15.2. Different method of JSON input¶
Sagan can interpret JSON from two locations. From the named pipe (FIFO) or from a "syslog message".
The first methods is that Sagan reads incoming JSON data from a named pipe (FIFO). Traditionally, this data is in a "pipe" (|) delimited format. The "pipe" delimitation greatly limits the types of data Sagan can process. As of Sagan 2.0.0, Sagan can read JSON data via the named pipe. Most modern day syslog engines (Rsyslog, Syslog-NX, NXlog, etc) support JSON output. See sections 4.2. rsyslog - JSON mode <https://https://sagan.readthedocs.io/en/latest/configuration.html#rsyslog-json-modeg>_ or 4.4. syslog-ng - JSON mode for more information about configuration of various log daemons.

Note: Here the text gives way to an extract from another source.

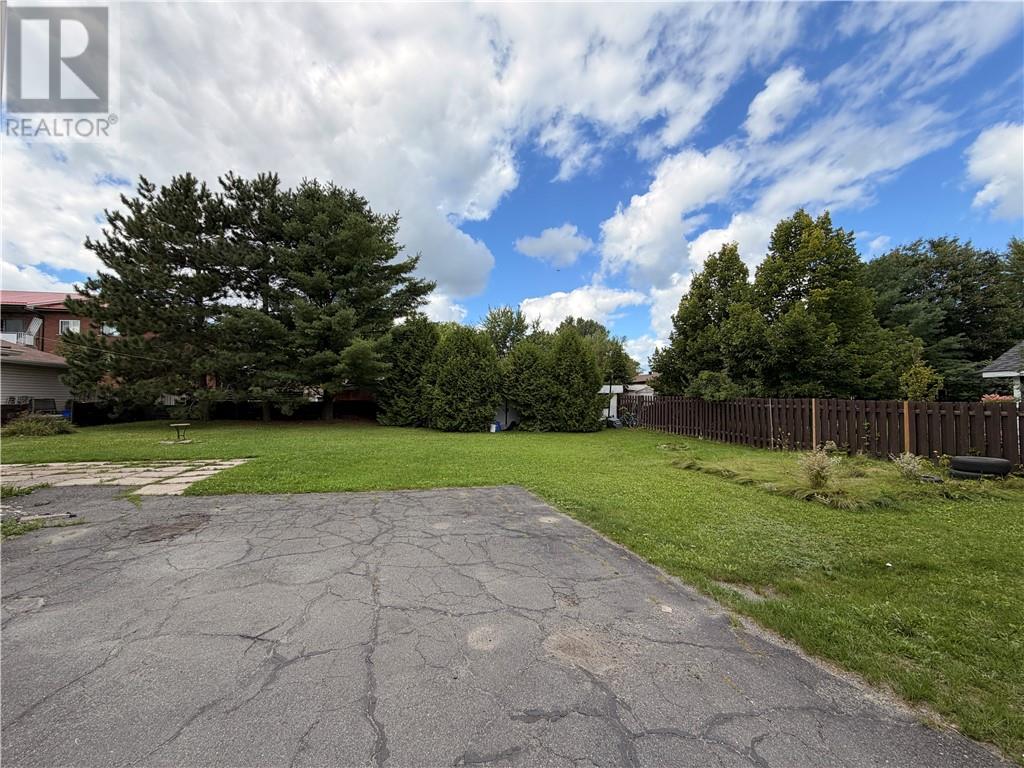 1273 & 1277 Will Street, Greater Sudbury — photo 8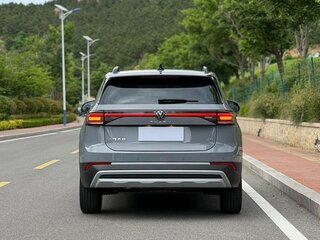 2026 Volkswagen Tharu XR, серый, 1890000 рублей, вид 5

With this in mind, this means that Sagan can collect data from non-syslog sources. For example, the IDS engine Suricata (https://suricata-ids.org) produces a lot of JSON data. Various security tool APIs like Cisco Umbrella, AWS Cloudtrail, CrowdStrike Falcon Cloud, etc. also generate a lot of JSON output. These all become possible "sources" for Sagan data processing.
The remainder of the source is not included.